Wikidata:Showcase Queries

Lightning talk talk at Wikimania 2019 on the proposal.

Wikidata currently has "showcase items" and "example queries". The former is about individual Wikidata items in isolation, and the latter is about demonstrating features of SPARQL code. However, until now, Wikidata does not have a process to identify, praise, and share to the world its true superpower: the combination of statements from many different items – the ability uncover knowledge spread across the database.

This is a proposal to create Showcase Queries: A community recognition of a high quality query which brings together high quality content across Wikidata to answer a question.

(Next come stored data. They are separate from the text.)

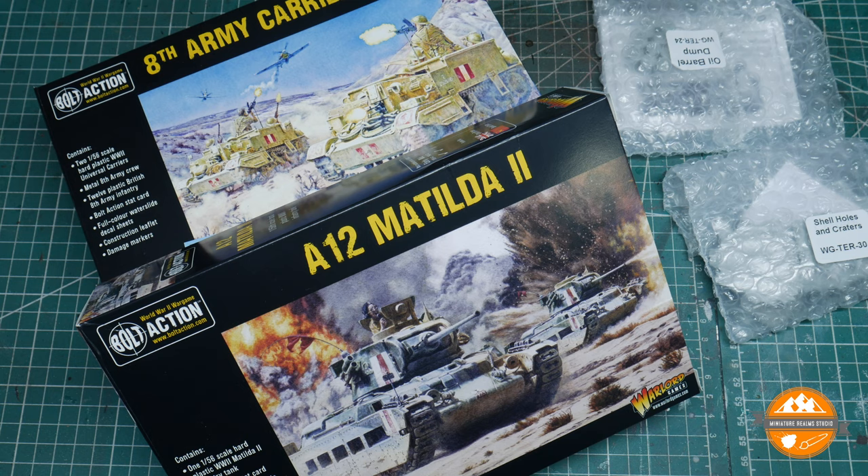Hello and welcome to another Miniature Realms video and welcome to Bolt Action project vlog four. It's been a few weeks since I did the last project vlog with Bolt Action. As I've said in the previous videos, it's very much a slow burn project this one, coming in little sporadic moments where I'll do a burst of stuff and then maybe slow down a little bit again.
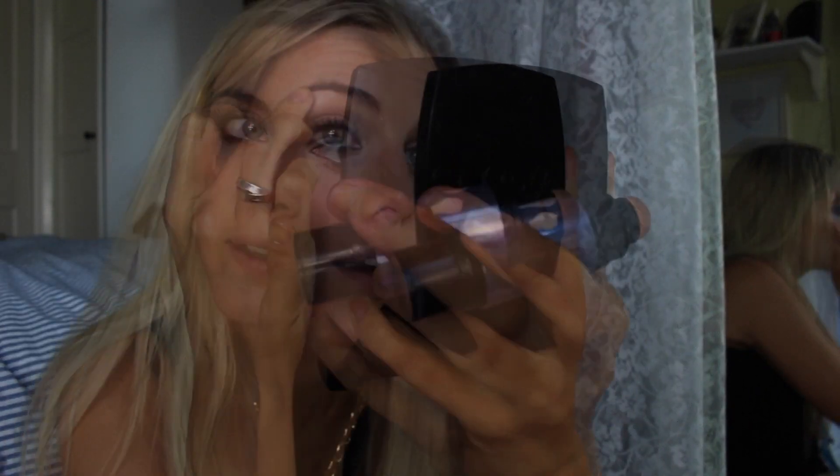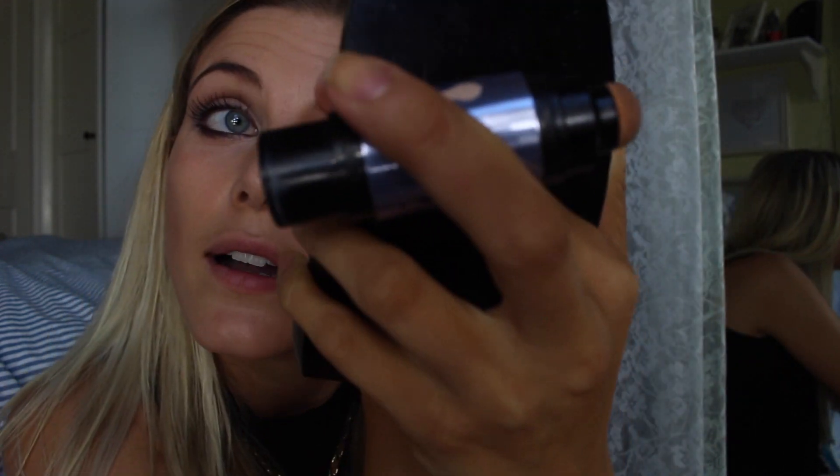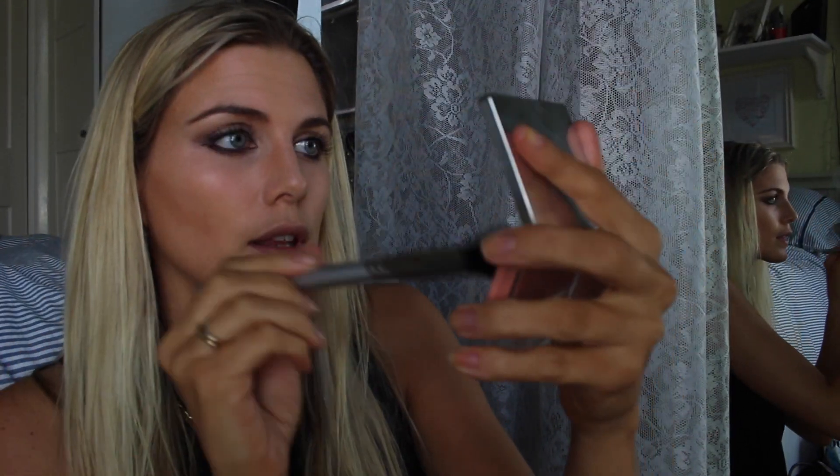I'm using What's Up by Benefit. And then for my blusher I'm using Clinique at the moment — it is 102 Innocent Peach. I think this is such a nice summery peachy shade, especially when you have a tan. I'm just going to blend that into the bronzer.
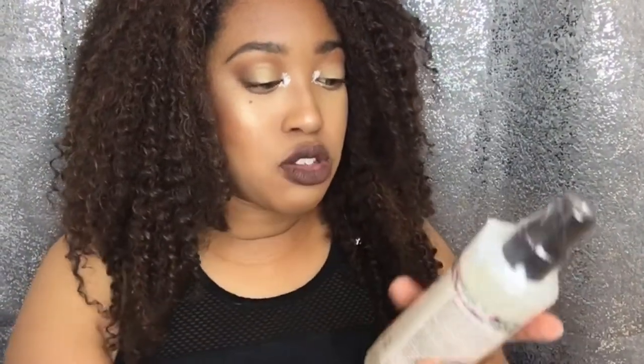I got some Carol's Daughter up in here — yes! It comes with three products. It's the Carol's Daughter Cactus Rose Water Volume and Lightweight Moisture System. I'm actually really excited for this because I've been eyeing these down in the store for like months now, debating whether to get it. I'm really excited because I'm gonna wash my hair tonight and put all these products to the test.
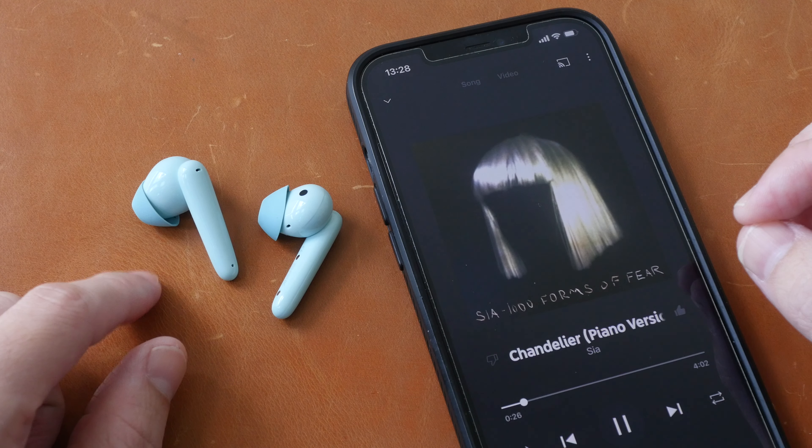To conclude, these are budget earphones so you have to manage your expectations. They are great for people with a very limited budget or for those who want something really simple with no frills. Compared to other earphones at this price point, you're getting the convenience of wireless Bluetooth. The main downside is the lack of ANC, but at this price point it's difficult to find earphones from other brands with ANC.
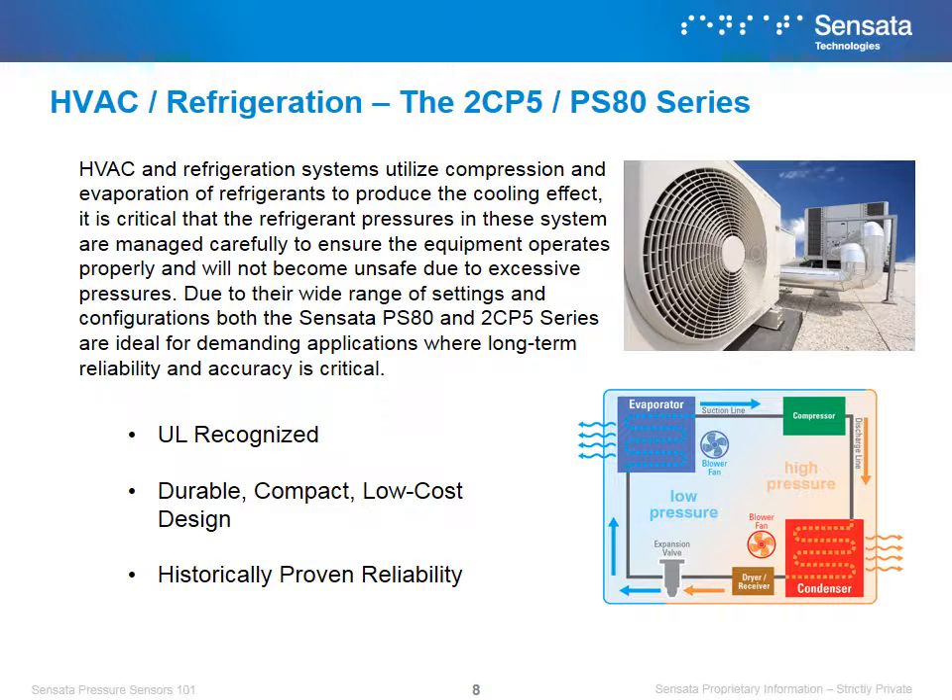HVAC and refrigeration systems utilize compression and evaporation of refrigerants to produce the cooling effect. It is critical that the refrigerant pressures in the system are managed carefully to ensure the equipment operates properly and will not become unsafe due to excessive pressures. Due to their wide range of settings and configurations, both the Sensata PS80 and 2CP5 series are ideal for demanding applications where long-term reliability and accuracy is critical. We win in HVAC and refrigeration applications because of our agency certifications, low cost, and durable products.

This would be a native Wikidata "featured" award that highlights the special value of the Wikidata's content, and provides recognition to those who work to curate complete sets of high quality information. Furthermore, the recognition would serve both an internal, and external purpose – to provide a form of motivation to ourselves, and also to highlight our best work to the Wikiverse and to the world. A list of showcase queries would also serve as a set of "ready to use" content for those Wikipedia editions willing to incorporate live Wikidata information. When multiple language editions use the same information it would serve as a positive feedback-loop for maintaining the quality of that content.

Context edit

On many Wikipedias there is the concept of the Featured Topic – the purpose is to demonstrate high quality complete "sets". To quote the English Wikipedia description, it is "a collection of articles or lists that represents Wikipedia's best work in covering a subject comprehensively and with items of consistently good quality." (selection criteria). Of course, there are also Wikipedia Featured Articles (selection criteria). Both of these processes are relevant to this proposal and parts have been adopted in the proposed criteria below.
In some cases, the existing Featured Lists on Wikipedias (selection criteria) would make good candidates to start building Wikidata Showcase Queries, as their references have already been checked - they just need importing and properly curating into structured data.

Proposed criteria edit

 

A nomination should include a nomination statement which explains:

  • The context and content of the query;
  • A link to the code ready to be run in query.wikidata.org/
  • A description of scope, explaining the question it is trying to answer;
  • An explanation for how it could be used for educational purposes;
  • A demonstration that it has complete references, labels etc. for all statements included.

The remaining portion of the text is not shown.